15. That being so, it is difficult to see how another judge of the Royal Court could have an inherent power in criminal proceedings which the Court of Appeal does not. The Criminal Cases Review Commission in England and Wales which looks into miscarriages of justice and can examine, and has examined, cases involving issues relating to the jury does not exist on the Island and the Lieutenant-Governor is hardly in a position to carry out this sort of investigation. On the other hand it is clear that there is a need to regulate investigations as identified in McCluskey. It is even more important in a small jurisdiction. A juror in a case in a large city can fade into the anonymity of hundreds of thousands of inhabitants. That cannot be so here where the whole population of the Island is only 90,000. In a jurisdiction such as this, the ability to get at jurors or ex-jurors is much greater. He or she will be readily identifiable as indeed is the case here. Juror 125 is, I am told, often seen going about his ordinary business in St Helier. I have already indicated that I am satisfied that a serious crime, namely perverting the course of justice, is being attempted. The courts cannot stand idly by and allow that to happen. If there was no other remedy then I would be prepared to consider whether it was necessary to examine whether the court must have an inherent power to act, though I think there will be difficulties in establishing such a power with the Royal Court here. I considered the question of inherent powers in criminal cases in wholly different circumstances in my judgment in Syvret-v-AG [2012] JLR 132. In fact I do not need to consider that issue here because I have come to the clear conclusion as to the availability of a civil injunction and I turn now to consider that.

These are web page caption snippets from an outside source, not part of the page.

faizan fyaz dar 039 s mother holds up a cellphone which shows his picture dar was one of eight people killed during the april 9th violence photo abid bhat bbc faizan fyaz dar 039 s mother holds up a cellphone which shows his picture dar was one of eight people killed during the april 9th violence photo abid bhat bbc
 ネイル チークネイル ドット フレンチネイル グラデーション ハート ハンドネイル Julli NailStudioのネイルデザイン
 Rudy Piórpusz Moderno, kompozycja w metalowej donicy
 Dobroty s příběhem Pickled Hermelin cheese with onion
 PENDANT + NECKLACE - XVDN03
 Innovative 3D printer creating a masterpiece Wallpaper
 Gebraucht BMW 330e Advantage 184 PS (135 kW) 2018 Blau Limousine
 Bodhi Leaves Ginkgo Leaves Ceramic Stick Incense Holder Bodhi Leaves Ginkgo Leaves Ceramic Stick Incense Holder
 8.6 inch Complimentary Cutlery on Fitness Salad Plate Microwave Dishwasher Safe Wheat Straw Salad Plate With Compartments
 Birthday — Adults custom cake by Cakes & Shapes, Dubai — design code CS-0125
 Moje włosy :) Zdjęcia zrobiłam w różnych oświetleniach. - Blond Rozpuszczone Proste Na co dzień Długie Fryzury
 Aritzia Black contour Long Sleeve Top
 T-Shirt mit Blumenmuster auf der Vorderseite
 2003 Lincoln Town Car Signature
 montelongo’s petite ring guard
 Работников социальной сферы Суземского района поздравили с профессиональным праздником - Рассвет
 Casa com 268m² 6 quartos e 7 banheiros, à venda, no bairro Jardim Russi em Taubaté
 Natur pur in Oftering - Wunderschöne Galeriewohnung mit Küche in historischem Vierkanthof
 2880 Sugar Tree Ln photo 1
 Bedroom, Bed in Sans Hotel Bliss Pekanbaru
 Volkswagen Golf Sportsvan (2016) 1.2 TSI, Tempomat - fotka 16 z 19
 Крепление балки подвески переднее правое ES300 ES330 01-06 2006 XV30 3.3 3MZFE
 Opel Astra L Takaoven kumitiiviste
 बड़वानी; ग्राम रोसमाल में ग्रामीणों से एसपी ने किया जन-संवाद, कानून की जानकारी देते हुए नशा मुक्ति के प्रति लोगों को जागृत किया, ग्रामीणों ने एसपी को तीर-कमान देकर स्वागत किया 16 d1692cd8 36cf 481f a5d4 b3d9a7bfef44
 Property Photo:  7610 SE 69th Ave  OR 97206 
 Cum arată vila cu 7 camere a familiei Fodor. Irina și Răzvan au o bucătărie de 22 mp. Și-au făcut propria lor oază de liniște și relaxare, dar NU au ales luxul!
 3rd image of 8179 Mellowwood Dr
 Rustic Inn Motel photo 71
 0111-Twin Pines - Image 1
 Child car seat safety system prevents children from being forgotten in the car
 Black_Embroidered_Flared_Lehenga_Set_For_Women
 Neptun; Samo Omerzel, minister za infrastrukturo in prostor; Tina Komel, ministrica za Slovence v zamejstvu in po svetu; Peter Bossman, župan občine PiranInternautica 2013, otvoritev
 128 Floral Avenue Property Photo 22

16. I have already expressed my opinion that it would be strange if the courts could never intervene to prevent crime but had to wait until it was committed and then act through the prosecution process. The power of the Attorney General to seek a civil remedy of injunction in support of the criminal law was affirmed in England and Wales by the House of Lords in Gouriet-v-The Union of Postal Workers [1978] 1 AC 435, see in particular page 481. The House stressed that this was a remedy to be used with great caution and only in exceptional cases. In my judgment the present case is one such, it is hard to think that these sorts of facts will recur, if ever. It is essential in the public interest in preventing crime that no approach be made to this former juror.
17. For that reason I am prepared to grant a civil injunction in aid of the criminal law as asked by the Attorney General. In a moment I will discuss with counsel the terms of that injunction but as with any civil injunction, if circumstances change, application can be made to vary or discharge it.